The website of the Catholic Resource Education Center says this about that:
“These different regalia all give a certain distinction to the Order of Bishop. They also inspire respect for the office and its authority. While ‘the clothes do not make the man,’ the man must strive to fulfill what the clothes signify.”
Hmmm. I’m still very suspect about this, and I am glad to see that Pope Francis, while he hasn’t yet issued any new dress codes, is putting an emphasis on humility and leading the way by example. Consider this from a 2013 Huffington Post story:
“Pope Francis arrived at the papal summer home, Castel Gandolfo, in a humble Ford Focus, which was a far cry from the luxury cars of his predecessor, Pope Benedict XVI, who travelled around town in vehicles that included a custom-made Renault, a BMW X5, and a Mercedes.”
The story went on to quote Francis as saying: “It hurts me when I see a priest or nun with the latest-model car. You can’t do this. A car is necessary to do a lot of work, but, please, choose a more humble one. If you like the fancy one, just think about how many children are dying of hunger in the world.”
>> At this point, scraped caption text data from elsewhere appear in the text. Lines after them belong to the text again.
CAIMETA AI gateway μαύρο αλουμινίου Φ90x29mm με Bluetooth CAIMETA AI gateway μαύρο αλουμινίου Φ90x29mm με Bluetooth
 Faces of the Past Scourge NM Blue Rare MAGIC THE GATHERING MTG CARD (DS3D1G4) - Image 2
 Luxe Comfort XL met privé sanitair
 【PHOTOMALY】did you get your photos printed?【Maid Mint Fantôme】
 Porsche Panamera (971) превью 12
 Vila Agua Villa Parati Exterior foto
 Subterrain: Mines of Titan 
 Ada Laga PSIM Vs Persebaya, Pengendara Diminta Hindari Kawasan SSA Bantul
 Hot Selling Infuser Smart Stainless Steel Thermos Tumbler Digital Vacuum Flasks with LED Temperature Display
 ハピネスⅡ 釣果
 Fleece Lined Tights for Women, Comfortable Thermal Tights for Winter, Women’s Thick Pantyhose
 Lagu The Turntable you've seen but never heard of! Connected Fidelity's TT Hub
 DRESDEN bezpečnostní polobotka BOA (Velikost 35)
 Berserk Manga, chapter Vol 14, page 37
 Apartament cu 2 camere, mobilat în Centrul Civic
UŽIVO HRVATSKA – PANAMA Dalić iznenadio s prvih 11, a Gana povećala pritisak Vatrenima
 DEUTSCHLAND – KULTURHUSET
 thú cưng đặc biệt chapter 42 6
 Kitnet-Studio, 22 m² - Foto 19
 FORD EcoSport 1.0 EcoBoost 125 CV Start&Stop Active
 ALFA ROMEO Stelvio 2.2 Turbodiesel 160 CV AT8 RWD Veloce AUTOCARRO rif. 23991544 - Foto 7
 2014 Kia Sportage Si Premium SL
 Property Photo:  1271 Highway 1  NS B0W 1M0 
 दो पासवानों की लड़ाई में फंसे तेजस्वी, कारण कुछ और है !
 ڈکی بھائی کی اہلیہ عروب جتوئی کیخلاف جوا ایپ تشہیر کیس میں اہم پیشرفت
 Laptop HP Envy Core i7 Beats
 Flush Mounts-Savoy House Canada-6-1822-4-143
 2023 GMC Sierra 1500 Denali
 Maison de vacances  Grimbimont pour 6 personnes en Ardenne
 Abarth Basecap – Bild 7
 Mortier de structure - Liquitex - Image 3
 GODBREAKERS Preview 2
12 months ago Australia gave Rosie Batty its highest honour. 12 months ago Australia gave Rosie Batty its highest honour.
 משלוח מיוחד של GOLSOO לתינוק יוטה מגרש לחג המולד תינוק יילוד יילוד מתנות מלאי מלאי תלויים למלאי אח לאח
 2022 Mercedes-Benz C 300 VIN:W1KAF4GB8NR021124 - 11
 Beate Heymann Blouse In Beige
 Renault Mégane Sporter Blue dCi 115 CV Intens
It should come as no surprise, then, that in recent months, Francis has stripped one of the most ostentatious clerics, Cardinal Raymond Burke, formerly the archbishop of St. Louis, of two key posts. Last December, Burke, a leader of the church’s conservative wing, was removed from a prestigious Vatican congregation that helps the pope select new bishops. And just last week he confirmed in an interview with BuzzFeed that Pope Francis is planning to remove him from as chief justice of the Vatican’s Supreme Court.
I said he was ostentatious, and these photos will illustrate what I mean.
While the mitre and crozier are satisfactory for some high-ranking Catholic officials, Burke’s tastes run to a different level.
Here he is, for example, in something called the “cappa magna,” or great cloak.
And here he is in, well, a hat of a different hue…
Now, back to that Saturday evening conversation with Patty…If I had not married her, yes, I might still be wearing brown and hanging out in the Westport bars, looking like a 1970s relic. But I’ll tell you one thing: I wouldn’t be wearing a big red hat and a cappa covering my assa.